Do you know the sound of silence?
Once upon a time, I played the flute in the school orchestra. I especially enjoyed playing those musical pieces where a portion of the score built up to a crescendo, followed by a moment of silence where all the instruments paused at once. It only lasted a beat or two and then the strings would quietly start again. It was a powerful moment. That silence wasn’t a random absence of sound; it was placed there by the composer as a key part of the music. It was essential to the movement and feel of the piece. The lack of sound was almost a sound in itself.
Sometimes, we hear the sound of silence in our spiritual life. Perhaps we’ve prayed and prayed and still no answer comes. Maybe we’ve been in a long season of waiting and the silence grows increasingly loud as the days wear on. Or maybe we find ourselves in a spiritual wilderness where the fog of doubt and uncertainty is thick. We feel all alone. Abandoned. Forgotten.
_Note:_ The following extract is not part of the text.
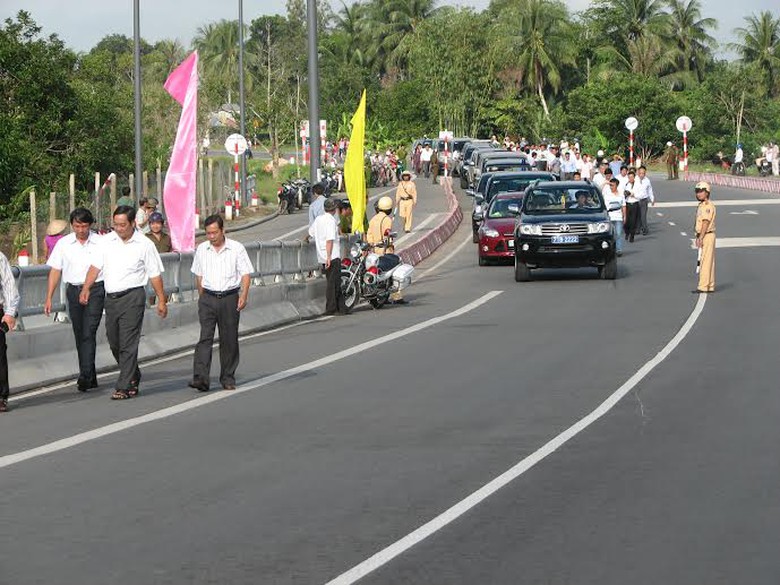 L&atilde;nh đạo trung ương v&agrave; địa phương chạy v&agrave;o cầu Chợ L&aacute;ch mới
And the silence makes us think God has turned and simply walked away. We start to think he’s given up on us and begin to wonder if we should too.
Yet, I wonder if we might have the wrong assumption about God’s silence. Perhaps, God’s silence isn’t silence at all. Perhaps what seems like silence is actually an important pause in the score of our life. Because it’s often in the quiet where the real work takes place. We see this truth lived out in the stillness of winter. When there’s no rustling leaves on the trees or acorns dropping to the ground or squirrels scurrying in the brush, life continues on in the quiet of the earth underground. We also know that in the darkness of the womb, a child is knit together. Even before her mother feels the first stirring of life, her heart beats strong. And in the quiet of each night, while all the world sleeps, our bodies and minds continue their labors, drawing breath and circulating blood and firing synapses.
God too is at work, even in the silence. God is at work especially in the silence.
Often, the silence is the work.
I’ve been thinking about this over these many months of our present crisis. Individually and corporately, we’ve faced loss and heartache and uncertainty. We’ve cried out in prayer for God to step in fix the brokenness. Many of us wait for his response. In that waiting, all we hear is the sound of God’s silence.
I can’t help but think of the prophet’s words in Lamentations 3, “The LORD is good to those who wait for him, to the soul who seeks him. It is good that one should wait quietly for the salvation of the LORD” (vv. 25-26). It is good to wait for God. God is good to us who wait. There is good in quietly waiting on the Lord.
There is good in the silence.
Silence forces us to hear things we can’t hear in the usual cacophony of life. It makes us sit alone and notice those things we often avoid or drown out with busyness and other distractions. Our thoughts, feelings, desires, and motivations become our only companions. The silence gives us an opportunity to take an honest look at ourselves. To see what we truly love and trust and hope in. To perhaps realize how fickle our hearts are and how far we’ve wandered from God. To see lies we’ve long believed and lived by. And ultimately, to grasp just how much we need God’s grace poured out in our lives. That we need him and can’t live without him. That he alone is our life.
Then, like the flash of light in the darkest night, God breaks the silence. The Spirit prompts our hearts and reminds us of what is true. And we realize God has been there all along. The fog lifts and we see the trail of his grace that both led us into the silence and remained there beside us.
We all have seasons of waiting in the Christian life. In those seasons, God may be silent. The prophet encourages: “Let him sit alone in silence when it is laid on him; let him put his mouth in the dust—there may yet be hope…For the Lord will not cast off forever, but, though he cause grief, he will have compassion according to the abundance of his steadfast love” (Lam. 3:28-29,30-31). The sound of God’s silence will not last forever. It is but a pause used for his good purposes in our lives. When all is quiet, we must remember and rest in his steadfast love. We must wait with expectation, knowing his timing is perfect. He will execute the next note in perfect time with his will and plan.
One day, all the silences of life will find their place in the score of our lives and we’ll hear it played out in its completion. We’ll hear the most beautiful composition ever played, the song God wrote before time began, the song of redemption.